The data:
━━━━
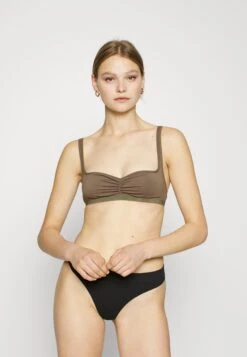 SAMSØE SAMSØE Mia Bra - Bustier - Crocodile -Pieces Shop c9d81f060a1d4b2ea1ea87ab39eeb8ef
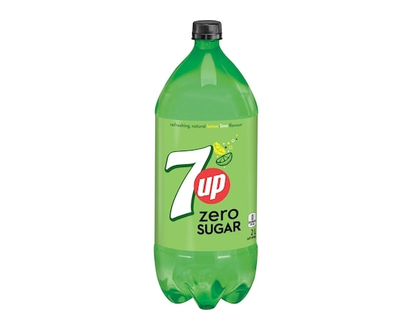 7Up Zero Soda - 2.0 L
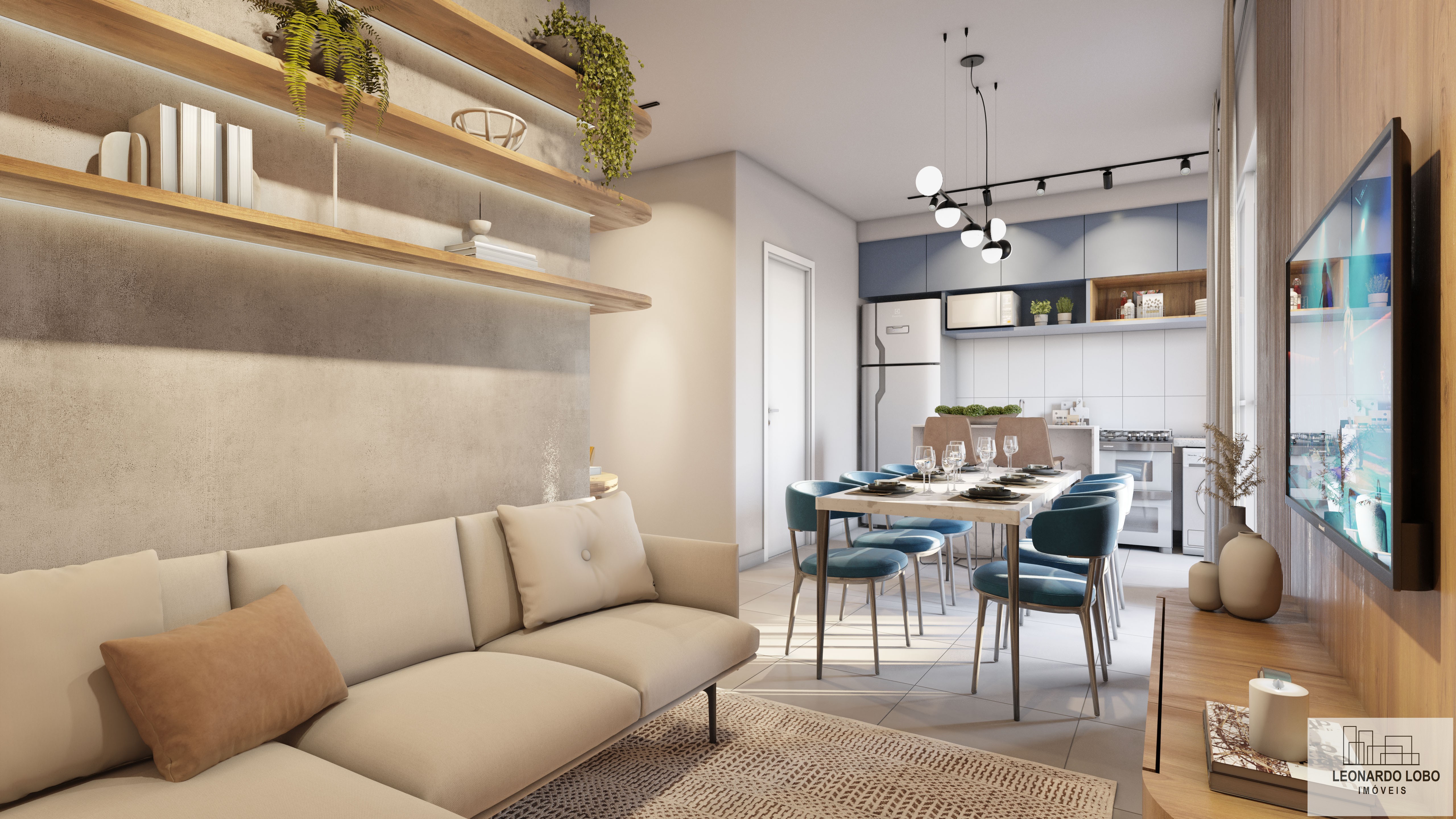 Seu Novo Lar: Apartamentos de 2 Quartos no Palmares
━━━━
Word for word, reproduce all of the data, but keep out the pictures.

 SAMSØE SAMSØE Mia Bra - Bustier - Crocodile -Pieces Shop c9d81f060a1d4b2ea1ea87ab39eeb8ef
 7Up Zero Soda - 2.0 L
 Seu Novo Lar: Apartamentos de 2 Quartos no Palmares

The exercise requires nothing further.